FAA's Oversight of Airline Safety Under Investigation
Saturday, June 28, 2008
The Federal Aviation Administration is facing a wide-ranging inspector general investigation into recent maintenance troubles at airlines.
The Department of Transportation's inspector general yesterday announced a series of audits of the agency. The inspector general's office said the investigation was prompted by congressional criticism of the FAA.
The inspector general's office said it is singling out one airline for special attention. The office of inspector general would not name the targeted airline, but pilots and American Airlines officials said inspector general staff have focused on the Texas-based carrier in recent weeks.
The inspector general is delving into the FAA's maintenance oversight system, which in many cases allows airlines to self-report problems, according to a memorandum the office released yesterday. Investigators will also look into air carriers' compliance with FAA safety directives. The FAA, part of the Department of Transportation, oversees civil aviation in the United States.
The FAA said this year that it improperly allowed Southwest Airlines to fly jets in need of key safety checks, a decision that top FAA officials have said was a mistake. A number of whistle-blowers complained of lax FAA safety oversight of Southwest. The inspector general is expected to release a report on Southwest soon.

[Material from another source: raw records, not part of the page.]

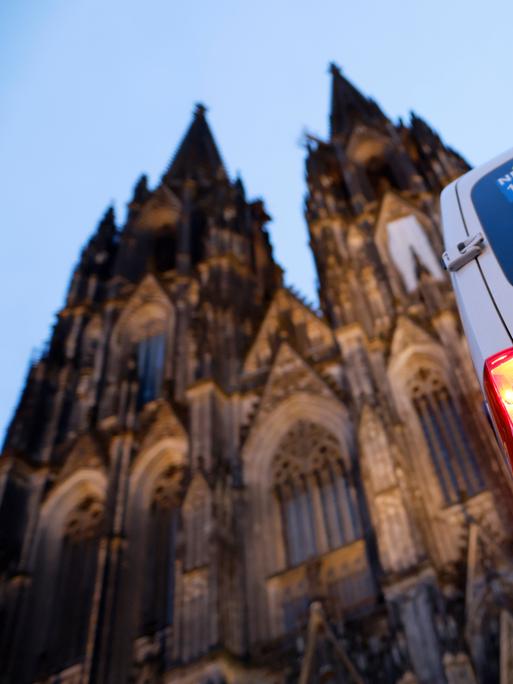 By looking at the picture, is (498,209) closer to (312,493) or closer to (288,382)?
(312,493)

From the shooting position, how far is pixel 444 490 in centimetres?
1529

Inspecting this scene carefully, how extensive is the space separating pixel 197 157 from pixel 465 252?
3244cm

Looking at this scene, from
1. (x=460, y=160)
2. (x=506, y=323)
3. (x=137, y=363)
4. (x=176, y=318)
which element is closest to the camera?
(x=506, y=323)

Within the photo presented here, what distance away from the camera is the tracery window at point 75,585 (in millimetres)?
16828

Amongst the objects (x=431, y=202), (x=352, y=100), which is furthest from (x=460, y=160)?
(x=352, y=100)

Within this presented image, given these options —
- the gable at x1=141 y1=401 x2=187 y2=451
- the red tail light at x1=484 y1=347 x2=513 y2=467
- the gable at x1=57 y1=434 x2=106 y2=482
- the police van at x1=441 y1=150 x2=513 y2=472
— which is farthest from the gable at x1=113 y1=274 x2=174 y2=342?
the red tail light at x1=484 y1=347 x2=513 y2=467

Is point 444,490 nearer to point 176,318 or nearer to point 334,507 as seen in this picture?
point 334,507

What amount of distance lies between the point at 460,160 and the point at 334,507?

The inspector general's office is apparently investigating whether some of the problems it found in the Southwest-FAA relationship are occurring at other airlines.
"We will certainly work with the inspector general as they go through their audits," said Diane Spitaliere, an FAA spokeswoman. She said the FAA's own audits show that airlines had a very high compliance rate following FAA safety directives. "Where we found problems, we took corrective action," she said.

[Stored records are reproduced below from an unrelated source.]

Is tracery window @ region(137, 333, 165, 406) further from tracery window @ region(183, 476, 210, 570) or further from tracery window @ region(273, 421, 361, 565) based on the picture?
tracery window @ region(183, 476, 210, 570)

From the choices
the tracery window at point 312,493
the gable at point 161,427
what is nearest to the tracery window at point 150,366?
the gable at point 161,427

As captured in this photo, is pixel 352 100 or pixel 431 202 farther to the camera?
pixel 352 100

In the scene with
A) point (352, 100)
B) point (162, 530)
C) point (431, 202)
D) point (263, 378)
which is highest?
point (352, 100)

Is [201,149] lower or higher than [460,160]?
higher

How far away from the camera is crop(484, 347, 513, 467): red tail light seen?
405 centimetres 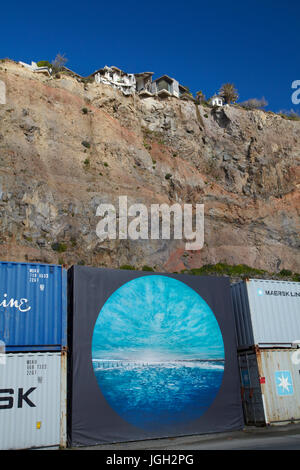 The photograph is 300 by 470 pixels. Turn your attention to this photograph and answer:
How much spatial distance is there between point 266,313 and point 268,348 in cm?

John Hotard, an American Airlines spokesman, said inspector general officials have visited executives at the company's Fort Worth headquarters. Investigators also spent several days at its Tulsa maintenance center. He said the airline was "very upfront" with investigators.
"We've got the most experienced and well-trained workforce in the industry, and we not only maintain our aircraft but we maintain other airlines' aircraft as well," Hotard said.
Thomas Westbrook, vice president of the Allied Pilots Association, said the union also had "lengthy discussions" with inspector general staff.
In mid-April, the FAA ordered American Airlines to ground its entire fleet of MD-80s, which resulted in more than 3,000 flight cancellations that stranded about 350,000 passengers.